Few studies have been dedicated to self-archiving in institutional repositories in the Brazilian information science literature, specifically dealing with the quality of subject representation and retrieval. Furthermore, even if a system allows self-archiving, this does not ensure its active use. To change this scenario, mandatory policies that cooperate in increasing the rate of self-archiving use should be created.
Self-archiving has a sociopolitical impact. It is the biggest challenge of open access and the solution that can generate the greatest impacts towards the universalization of access to information and scientific knowledge. The idea of self-archiving occurred for the first time in physics in 1991 through ArXiv, originally developed by Paul Ginsparg (Wikipedia, 2023a), and in computing and information science through the CiteSeerX Library in 1997, created by the researchers Lee Giles, Kurt Bollacker and Steven Laurence (Wikipedia, 2023b). The ArXiv and CiteSeerX initiatives became structurally possible in 1999 with the open access movement and the Open Archives Initiative (Van de Sompel and Lagoze, 2000).

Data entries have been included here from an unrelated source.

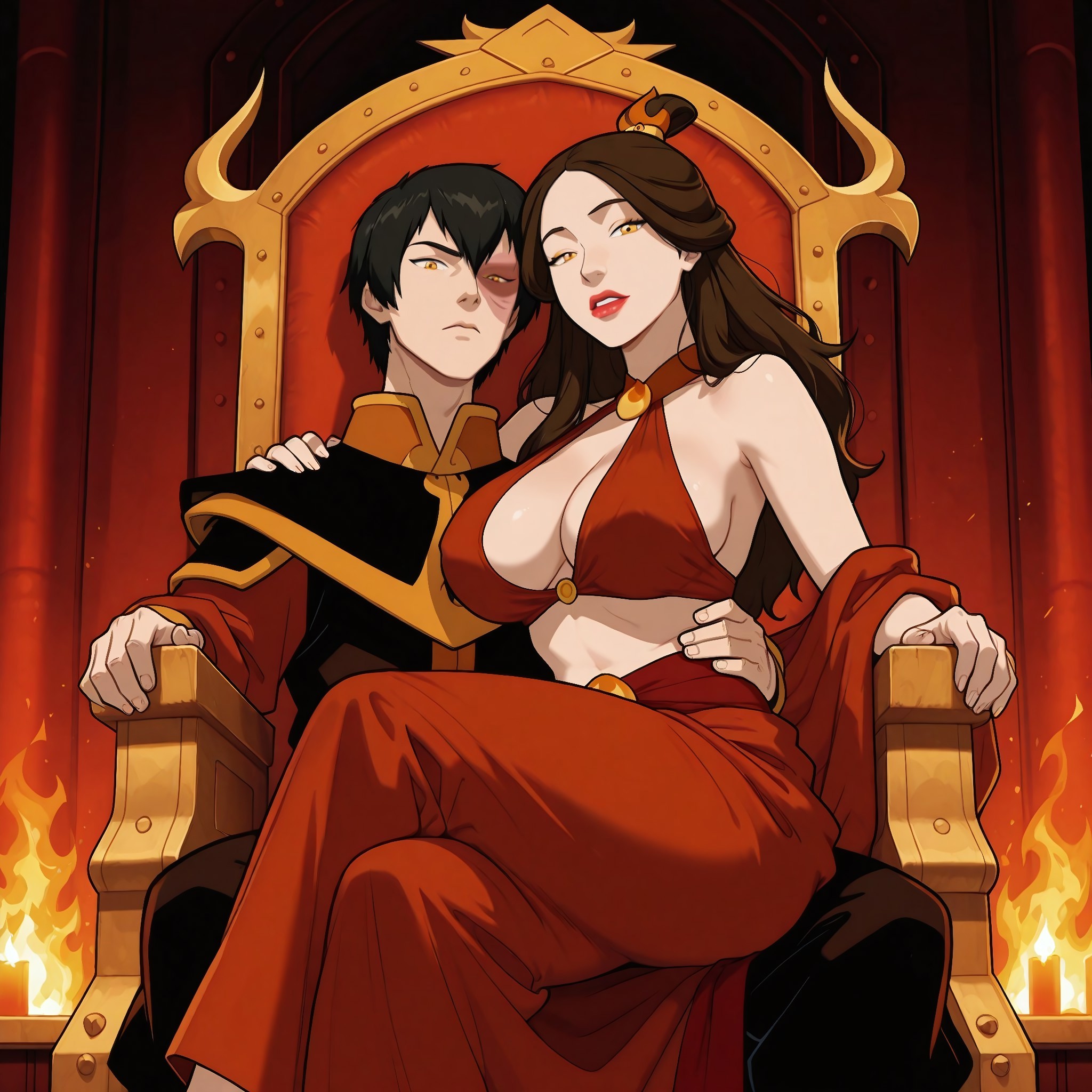 ai generated, avatar legends, avatar the last airbender, black hair, incest, incest (lore), mother, mother and son, nickelodeon, royalty, sex parenting, son, submissive, submissive female, tagme, throne, ursa (avatar), zuko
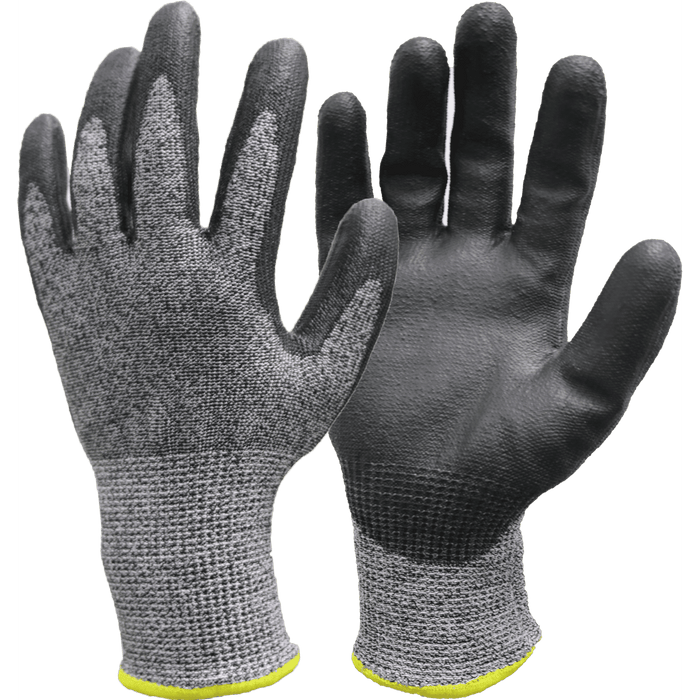 Hyper Tough HPPE ANSI A4 Anti Cut PU Coated Work Gloves, Full Fingers, Men's Medium Size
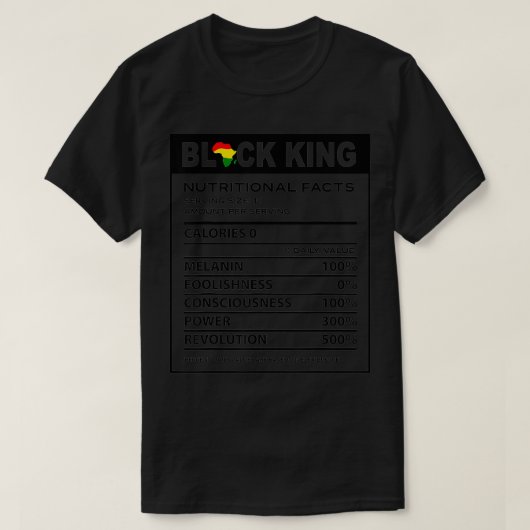 Nutritional Facts Juneteenth 1865 Black King  T-Shirt (Design vorne)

For Van de Sompel and Lagoze (2000), self-archiving is greatly enhanced by the Open Archives Initiative protocol – an initiative that makes scientific publications available free of charge via the Internet and allows an author to gain visibility and access to papers through its search and retrieval, leading authors to be increasingly cited and known in their field of work. Furthermore, it reduces the barriers imposed by traditional publishing systems.
Self-archiving through open access repositories allows authors to make their papers accessible to the public and increase the visibility of their research. This context provided a favourable environment for the proposal for a global scientific communication, mentioned in 1994 in an online post by Stevan Harnad (1995) entitled ‘Subversive proposal’, ‘originated from a June 28 1994 Internet posting (Harnard, 1995, see Subversive Proposal (google.com)) and first presented at Network Services Conference (NSC) London, England, 28–30 November 1994 Address: Washington DC’ (University of Southampton Institutional Repository, 2017). Rodrigues (2006: 29–40) considers that such a proposal, which was deemed subversive at the time it was mentioned, might today seem both ‘fruitfully visionary and naively inadequate’. However, at a meeting in Budapest in December 2001, the utopia of free access to literature published in scientific journals was discussed. Today, this has become a reality thanks to the combination of tradition and new technologies (Rodrigues, 2006: 29–40).
Despite the obstacles, many countries have adopted self-archiving by researchers or someone from their team. In the case of Brazilian repositories, their insertion has occurred in an incipient way, as such repositories keep theses and dissertations in institutions’ information systems – generally the library, which acts as the main responsible for populating the repositories (Kuramoto, 2014).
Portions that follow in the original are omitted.